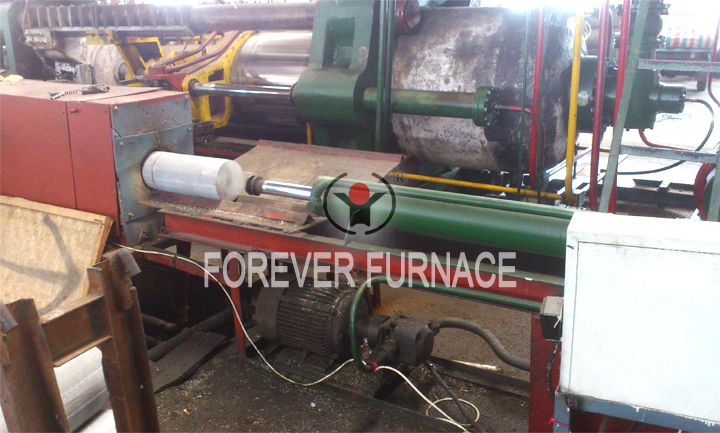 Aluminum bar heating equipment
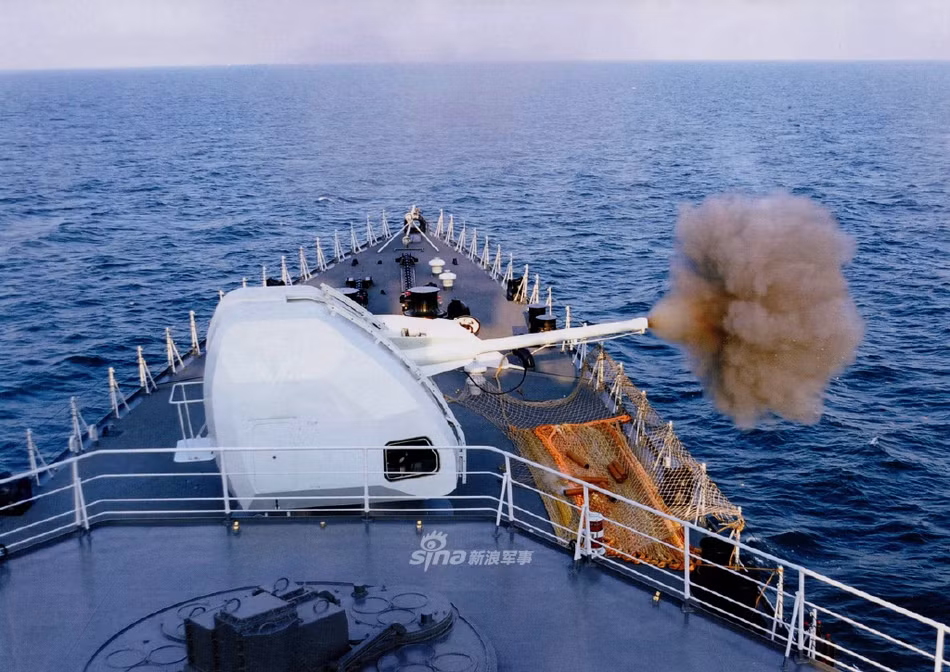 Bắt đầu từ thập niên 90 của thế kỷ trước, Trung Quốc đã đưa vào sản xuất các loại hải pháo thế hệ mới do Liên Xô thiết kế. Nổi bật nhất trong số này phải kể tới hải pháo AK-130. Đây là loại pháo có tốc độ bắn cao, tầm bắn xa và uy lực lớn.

--

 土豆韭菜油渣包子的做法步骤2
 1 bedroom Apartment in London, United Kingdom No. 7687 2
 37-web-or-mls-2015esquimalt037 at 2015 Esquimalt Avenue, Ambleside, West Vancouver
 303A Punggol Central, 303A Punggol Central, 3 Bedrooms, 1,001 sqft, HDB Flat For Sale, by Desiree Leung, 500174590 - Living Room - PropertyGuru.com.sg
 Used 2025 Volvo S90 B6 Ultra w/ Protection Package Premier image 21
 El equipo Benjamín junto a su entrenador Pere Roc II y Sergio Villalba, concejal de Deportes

# About this exercise
In the entries above, please find the line with "37-web-or-mls-2015esquimalt037 at 2015" and the line with "El equipo Benjamín", then write out exactly those two lines and every line between them, and nothing more.

# Solved problem
 37-web-or-mls-2015esquimalt037 at 2015 Esquimalt Avenue, Ambleside, West Vancouver
 303A Punggol Central, 303A Punggol Central, 3 Bedrooms, 1,001 sqft, HDB Flat For Sale, by Desiree Leung, 500174590 - Living Room - PropertyGuru.com.sg
 Used 2025 Volvo S90 B6 Ultra w/ Protection Package Premier image 21
 El equipo Benjamín junto a su entrenador Pere Roc II y Sergio Villalba, concejal de Deportes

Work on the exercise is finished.